Alice
2015 • 291 pages

Ratings75

Average rating3.7

15

I have so many strong feelings about this book, and they're a mixed bag.

Overall, it was an extremely imaginative, dark retelling that added so much to the original story. That in itself can be so difficult to accomplish. In this version of the story, Alice escaped the clutches of the manipulative, abusive Rabbit 10 years ago, but she still suffers nightmares about her time down the rabbit hole. When a fire starts in the asylum where she's been locked up for years, she runs away into the city with her killer companion, Hatcher. They get wrapped up in a quest to rid their world of some of its most vile men—the Walrus, the Caterpillar, the Jabberwocky, and the Rabbit. These characters are the kings of a human trafficking ring, in which they kidnap and sell women and girls into sexual slavery.
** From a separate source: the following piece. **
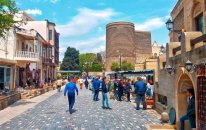 Azərbaycandan xaricə turist axını 3%-ə yaxın azalıb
And this is where we get into my issues with the book. By nature of the subject matter, there is a lot of rape. On page, off page, all of it difficult to read. That's not my issue, because I think overall, it was handled sensitively, and wasn't overly gratuitous (just to make the book seem ~darker~). But. Other than Alice, all of the women in the book were either there to be abused by horrible men, or to betray Alice, or both. Other than Alice, I don't think any woman in this book had more than 5 lines or any kind of agency. I wish that in a book focused on the atrocities forced upon women, the women had more of a role and a voice.

I also just really did not like Hatcher, and I don't think he added anything to the story. He came off as the “nice-guy” type, who only cares about a woman's fate if she's beautiful or somehow tied to him (wife, friend, daughter). I also hated that when he was around the prostitutes and other mostly-naked women, he could barely control himself. He's supposed to be the “good guy” of the story, and even HE can't think of anything but sex when around naked women—women he KNOWS have been kidnapped and forced into sexual slavery?? I absolutely hate the implication that even “good” men can't control themselves, that it's in their nature to go rabid when around a beautiful woman.

So, on the whole I did enjoy this for its creativity and general themes, but the feminism here felt like it should have been a little more modern for a book written in 2015.